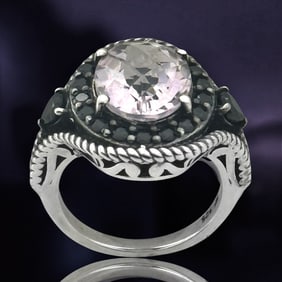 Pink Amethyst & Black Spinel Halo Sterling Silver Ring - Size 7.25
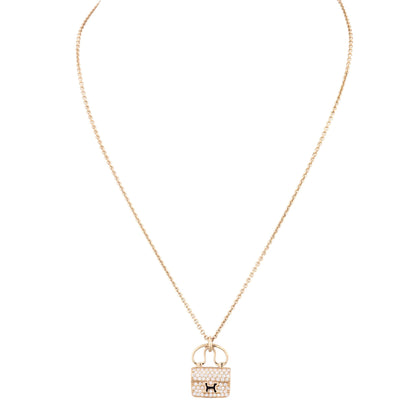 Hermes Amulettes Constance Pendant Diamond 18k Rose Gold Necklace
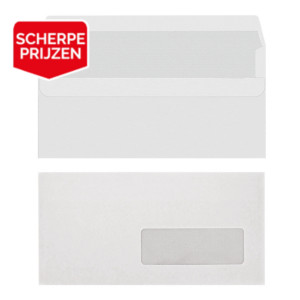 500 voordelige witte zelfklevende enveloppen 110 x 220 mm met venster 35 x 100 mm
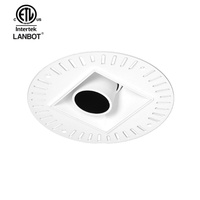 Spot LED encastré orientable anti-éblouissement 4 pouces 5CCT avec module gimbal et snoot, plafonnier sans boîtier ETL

---

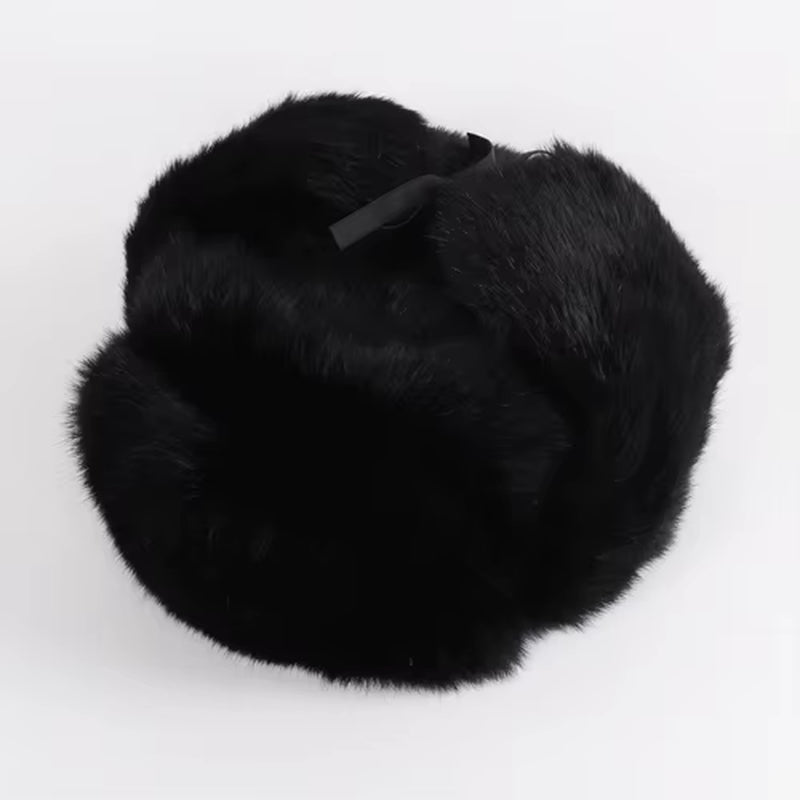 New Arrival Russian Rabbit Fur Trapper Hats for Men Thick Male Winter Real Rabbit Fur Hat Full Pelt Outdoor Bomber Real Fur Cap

REQUIREMENT - The copy should hold exactly the lines above from the one with "Pink Amethyst &" through the one with "Spot LED encastré", both ends counted, and no pictures at all.

TASK RESPONSE -
 Pink Amethyst & Black Spinel Halo Sterling Silver Ring - Size 7.25
 Hermes Amulettes Constance Pendant Diamond 18k Rose Gold Necklace
 500 voordelige witte zelfklevende enveloppen 110 x 220 mm met venster 35 x 100 mm
 Spot LED encastré orientable anti-éblouissement 4 pouces 5CCT avec module gimbal et snoot, plafonnier sans boîtier ETL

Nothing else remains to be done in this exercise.